Nella società della comunicazione di massa lo scenario cambia.
Aumenta il numero di gruppi sociali che hanno consapevolezza di essere soggetti politici (minoranze etniche, donne, omosessuali...). Ci sono tempi molto più contenuti per elaborare e diffondere i discorsi e tempi più rapidi di sostituzione di un discorso con un altro. Sono in crisi i corpi intermedi, i luoghi di incontro dove si dialoga e si costruiscono discorsi.
Allora non c'è più il tempo di lasciare maturare un'opinione politica dentro le cerchie sociali, non ci sono più luoghi e momenti di incontro.
E il politico che ha bisogno di essere ascoltato per ottenere consensi, e che ha a disposizione tempi sempre più brevi, percepisce il cittadino come un ascoltatore individuale a cui proporre un preciso messaggio.
A forza di essere considerati come unità di audience, finiamo noi stessi di considerarci come ascoltatori individuali, come destinatari di servizi, come consumatori di beni. Per noi diventa rilevante l'esigenza di essere ascoltati, di poter cioè trovare il prodotto che più soddisfa il mio bisogno. Sono sì un ascoltatore individuale, ma un ascoltatore individuale attivo.
Abbiamo conseguito una maggiore consapevolezza dell'importanza dell'ascolto, sono aumentate le competenze ad ascoltare, ma forse è diminuito il tempo a disposizione per ascoltare.

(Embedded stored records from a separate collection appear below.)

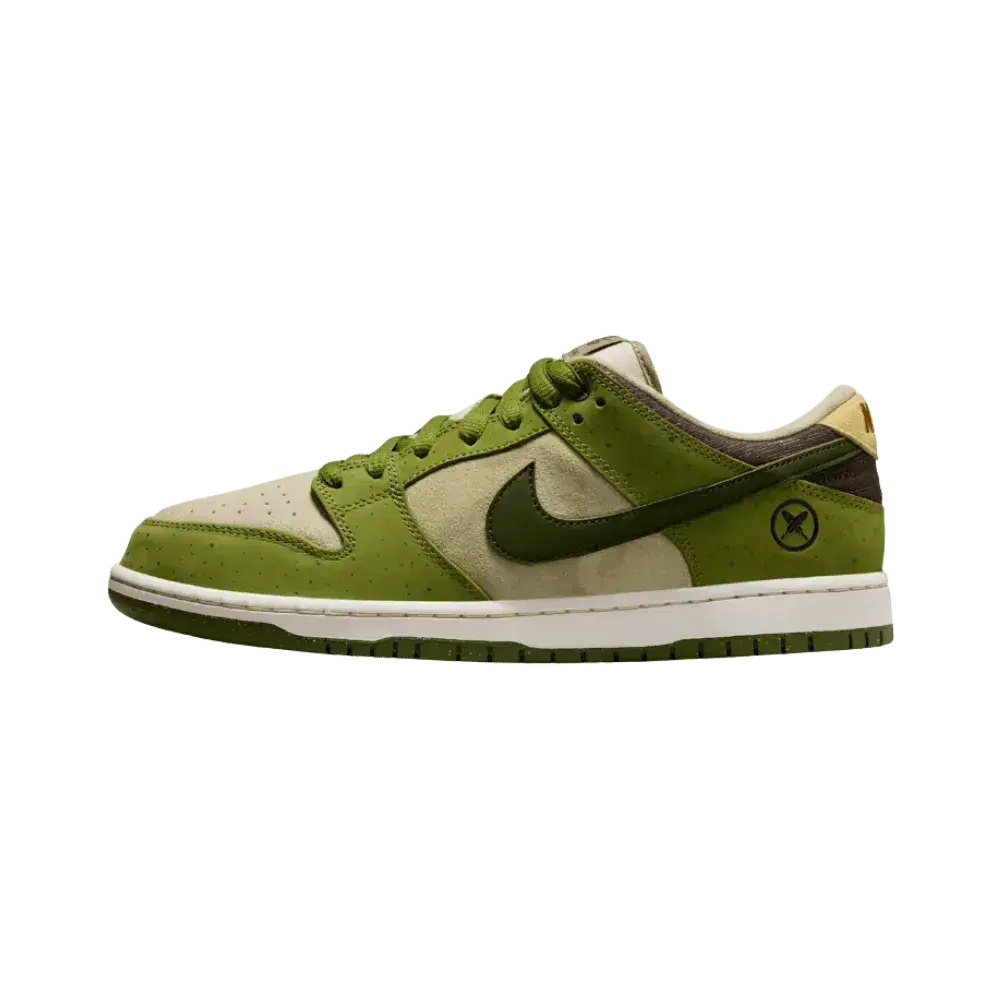 Nike SB Dunk Low Yuto Horigome Matcha
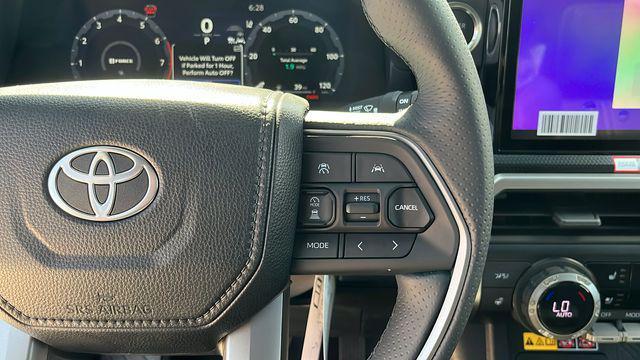 new 2026 Toyota 4Runner car, priced at $65,852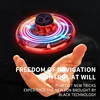 Flynova Flying Spinner UFO Boomerang Mini Drone Magic Led Light Kids Children Adult Fidget Toys Christmas Birthday Gift Children 3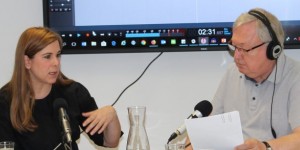 Beitragsbild des Blogbeitrags Podcasten in Österreich: “Da ist noch viel Platz”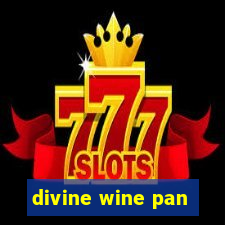 divine wine pan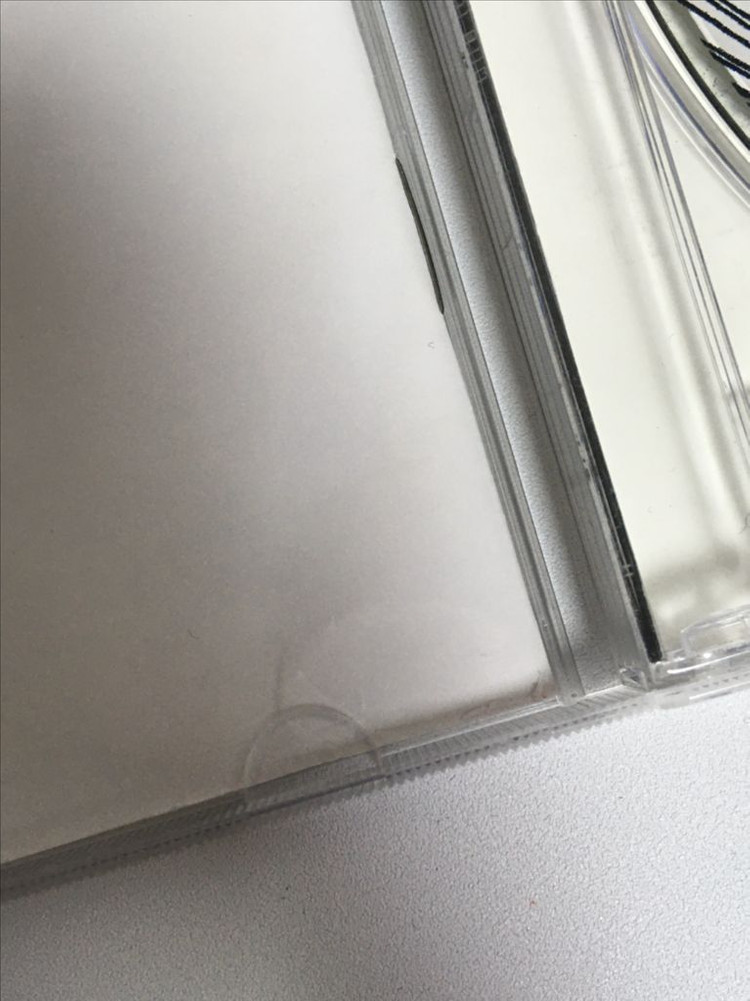 지디 하트브레이커 친필사인 쥬얼버전 앨범 판매 이미지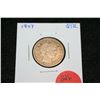 Image 1 : 1907 Barber Quarter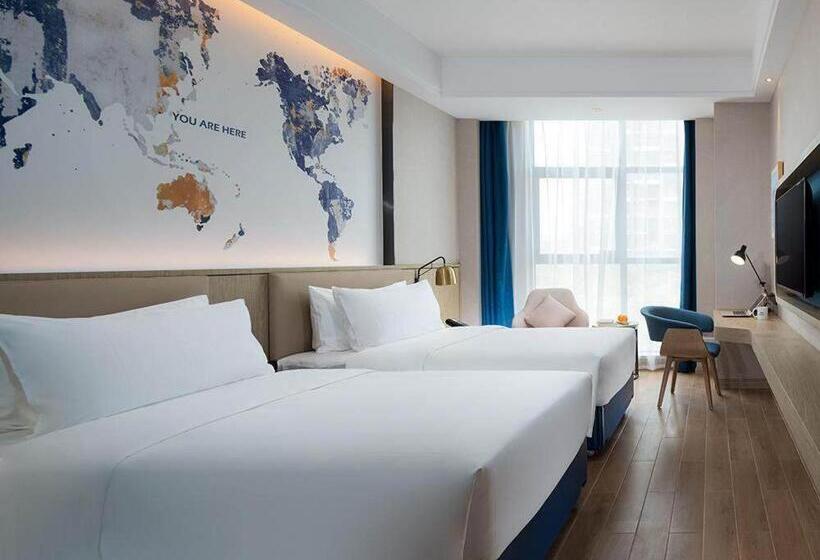 Kyriad Marvelous Hotel Shenzhen Longgang Dayun City Center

l'ascolto come dimensione fondamentale del linguaggio

La razionalità occidentale, secondo la filosofa psicoanalista Gemma Corradi Fiumara, è centrata sul parlare e sul dire più che sull'ascoltare ed è basata sul principio di non contraddizione. La conoscenza è vista come accumulo di affermazioni giustificabili e logicamente coerenti, di affermazioni che si confermano o si negano senza mezze misure.
"Non c'è alcuna autentica relazione umana senza una radicale apertura all'ascolto" (Heidegger)
L'ascolto è invece visto spesso in modo strumentale. Quando ascolto già penso a quello che devo controbattere...
Il linguaggio invece non potrebbe esserci senza questa radicale dimensione dell'ascolto.
L'organo dell'ascolto (Heidegger, Derridda) è il timpano che è un canale obliquo rispetto al mondo esterno. Non si contrappone ma è capace di tutte le sfumature.
Ora l'ascolto, elemento fondamentale del linguaggio, ci apre ad una logica di relazione come logica obliqua e non contrappositoria.
La conoscenza non procede solo attraverso l'esercizio di una razionalità rigorosa, ma anche attraverso esperienze affettive ed emotive. Un'assenza di rigore può essere dovuta al fatto che l'interlocutore può avere altre ragioni, può stare in una situazione particolare, non possiede le mie stesse capacità argomentative... La mia disposizione a conoscere non può essere tutta concentrata sulla logica, ma deve aprirsi all'esperienza emotiva dell'incontro con la parola dell'altro che muove qualcosa dentro di me.
La dimensione logica e la dimensione emotiva appartengono a qualsiasi relazione. La qualità della relazione facilita l'apprendimento in una classe.

recuperare un tempo per l'ascolto

Nella nostra società non c'è solo un ingorgo di beni materiali, ma anche di immagini, di suoni, di simboli...
C'è anche un intasamento acustico. Il rumore non lacera più il silenzio, ma i rumori si susseguono senza intervalli, senza soluzione di continuità.
Questa assenza di distanza, di intervalli tra i segni e le persone che li percepiscono indebolisce fortemente la nostra capacità di discriminare, di scegliere. Dalla mattina alla sera continuamente ascoltiamo e selezioniamo. Non c'è più il silenzio nel quale solo l'ascolto può maturare, può diventare consapevolezza.
Siamo bravissimi ad ascoltare, non facciamo altro che ascoltare, ma con un ascolto che non ci soddisfa pienamente. Dobbiamo ricuperare un ascolto che faccia tesoro dell'intervallo, della pausa, di un po' di silenzio.